Started as a research project with its own model, I managed to port this feature to Stable Diffusion 2 upscaling, with very cool results in return.
It was first introduced in my own Discord bot as a testing feature, but in the meantime I learned how pipelines worked and to my best knowledge I tried to make it available for Diffusers.
This is my first pipeline, so please be gentle with reviews and feedback, I'm willing to learn to contribute in a more standard fashion, so I'll apply any feedback that comes from other people that makes sense.
The main thing I'm uncertain about is that the contribution guidelines state:
Self-contained: A pipeline shall be as self-contained as possible. More specifically, this means that all functionality should be either directly defined in the pipeline file itself, should be inherited from (and only from) the DiffusionPipeline class or be directly attached to the model and scheduler components of the pipeline.
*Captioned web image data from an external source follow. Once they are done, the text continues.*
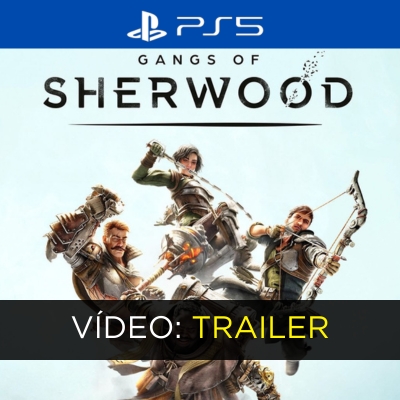 Gangs of Sherwood Trailer de Vídeo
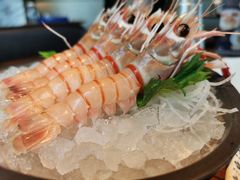 龙虾刺身头盘-Mr·Fish鱼鲜生海鲜放题(银泰in99店)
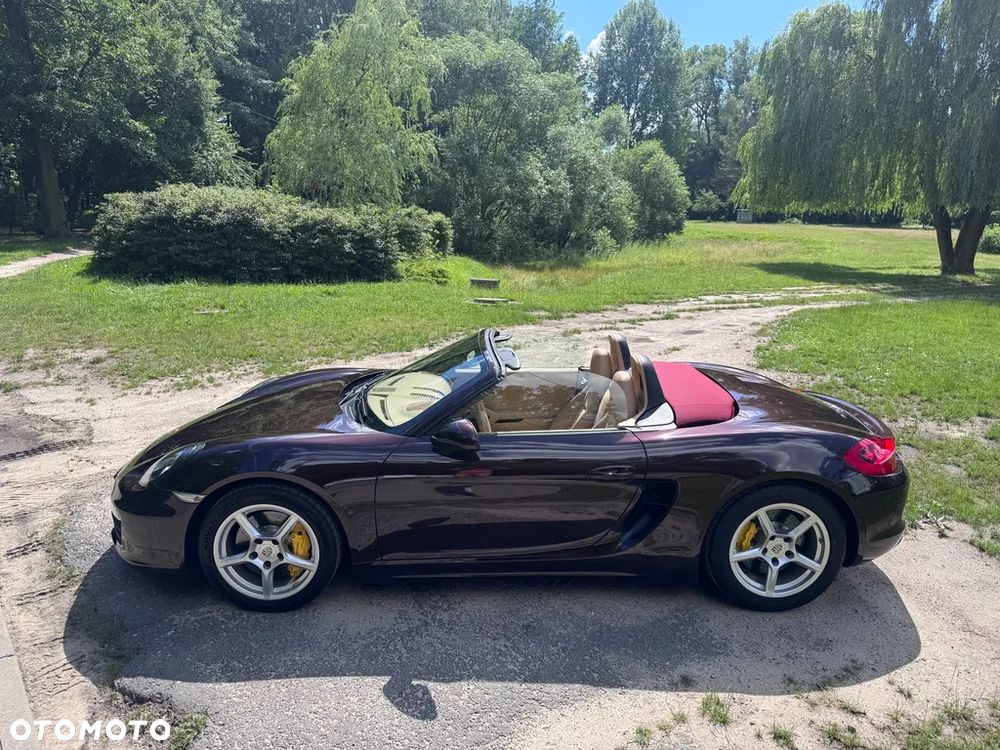 Porsche Boxster Standard - 11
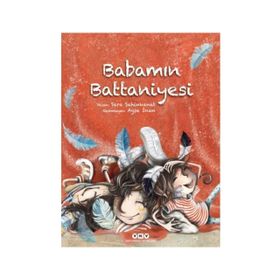 Kitap Babamın Battaniyesi Sara Şahinkanat Yapı Kredi Yayınları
Considering my code borrows a lot from the original upscaling code, I could either copy the code and add my features from there, or simply refer to pipeline_stable_diffusion_upscale. I decided to do the latter it was less clunky and faster to do.
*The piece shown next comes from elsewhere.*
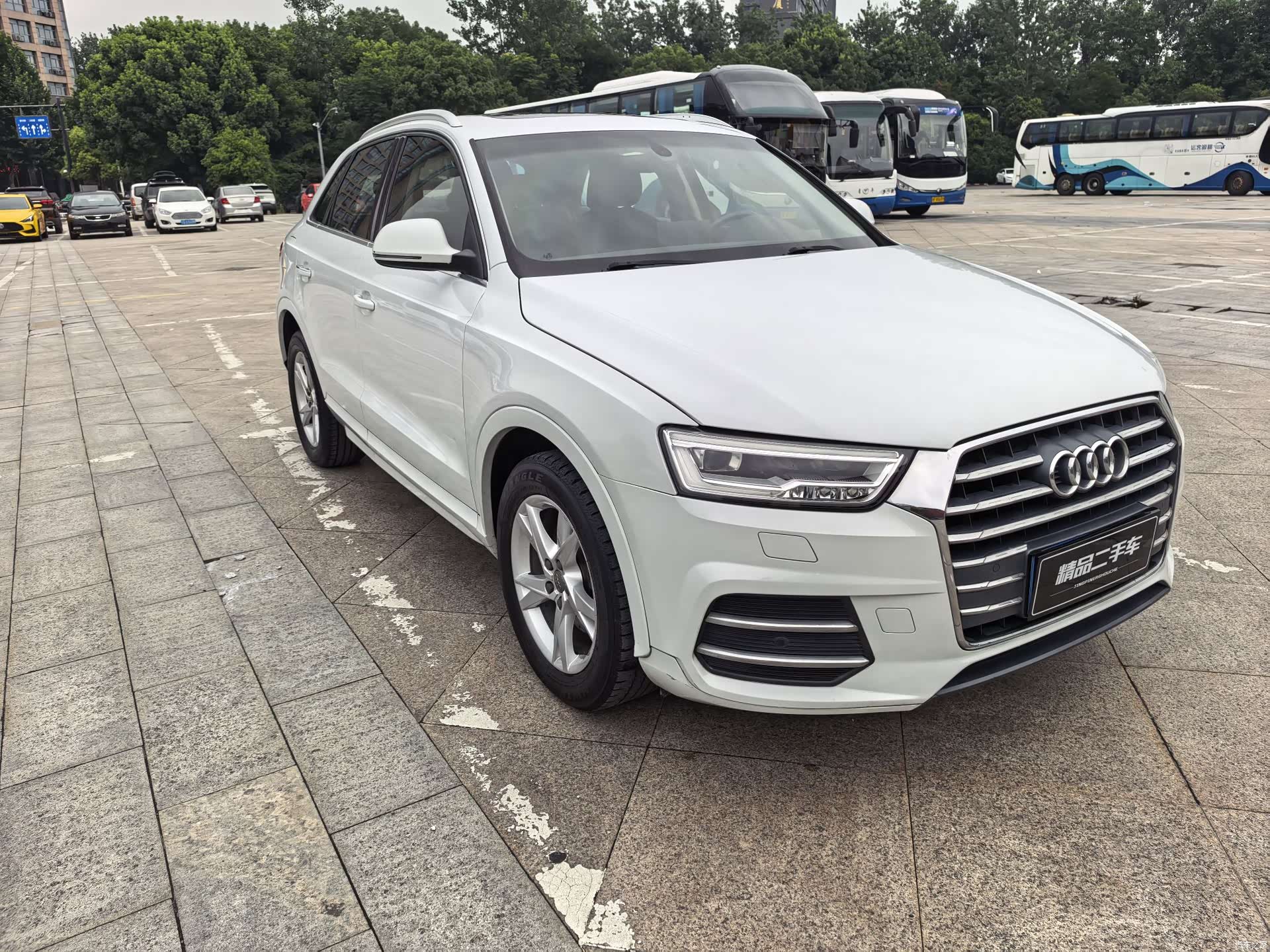 Audi Q3, 2018 3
Because of the aforementioned lack of skill in contributing pipelines, as well as possible changes regarding the pipeline's "self-contained-ness", I consider this PR an ongoing discussion.
The pipeline contains a __main__ entry point that can be called through CLI for a demo. The example code is:
model_id = "stabilityai/stable-diffusion-x4-upscaler"
pipe = StableDiffusionTiledUpscalePipeline.from_pretrained(model_id, revision="fp16", torch_dtype=torch.float16)
pipe = pipe.to("cuda")
image = Image.open("../../docs/source/imgs/diffusers_library.jpg")
def callback(obj):
print(f"progress: {obj['progress']:.4f}")
obj['image'].save("diffusers_library_progress.jpg")
final_image = pipe(image=image, prompt="Black font, white background, vector", noise_level=40, callback=callback)
final_image.save("diffusers_library.jpg")
I'm looking forward to feedback, and I hope I made something that could benefit others, too.
With that, let's take a look at some demo art:
Upscaled docs/source/imgs/diffusers_library.jpg:





And my favorite and the first ever made with this algorithm, a grilled dragon:

The documentation is not available anymore as the PR was closed or merged.
Hey @peterwilli,
This looks super cool! Would you mind maybe adding your pipeline to the official table and a pipeline example here: https://github.com/huggingface/diffusers/blob/main/examples/community/README.md#community-examples
This would greatly help the community to use your pipeline :-)
Hey @peterwilli,
This looks super cool! Would you mind maybe adding your pipeline to the official table and a pipeline example here: https://github.com/huggingface/diffusers/blob/main/examples/community/README.md#community-examples
This would greatly help the community to use your pipeline :-)
Hey @patrickvonplaten, thanks for the kind words! I'm currently in the process of making these examples, but I'm stuck with how to preload my pipeline. I'm getting strange errors about shutil and I'm wondering if you can help me out.
I have a colab here: https://colab.research.google.com/drive/1Zlvi64ZkQUarqiAFzyywPRSLUogbH8Xd?usp=sharing
Thanks in advance.
Hey @peterwilli,
Sure, I think if you want to use the "native" upscaler pipeline you can just do:
diffuser_pipeline = StableDiffusionUpscalePipeline.from_pretrained(
"stabilityai/stable-diffusion-x4-upscaler",
torch_dtype=torch.float16,
)
instead of:
diffuser_pipeline = StableDiffusionUpscalePipeline.from_pretrained(
"stabilityai/stable-diffusion-x4-upscaler",
custom_pipeline="./diffusers/src/diffusers/pipelines/stable_diffusion/pipeline_stable_diffusion_upscale.py",
revision="fp16",
torch_dtype=torch.float16,
)
diffuser_pipeline = StableDiffusionUpscalePipeline.from_pretrained( "stabilityai/stable-diffusion-x4-upscaler", torch_dtype=torch.float16, )
But this doesn't use the pipeline then, right? I feel I misinterpreted how to apply this. Thanks for the help by the way!
@patrickvonplaten sorry for the ping, I was wondering if you saw it... And happy new year (in 1 day!)
Happy new year @peterwilli - sorry for being so late here!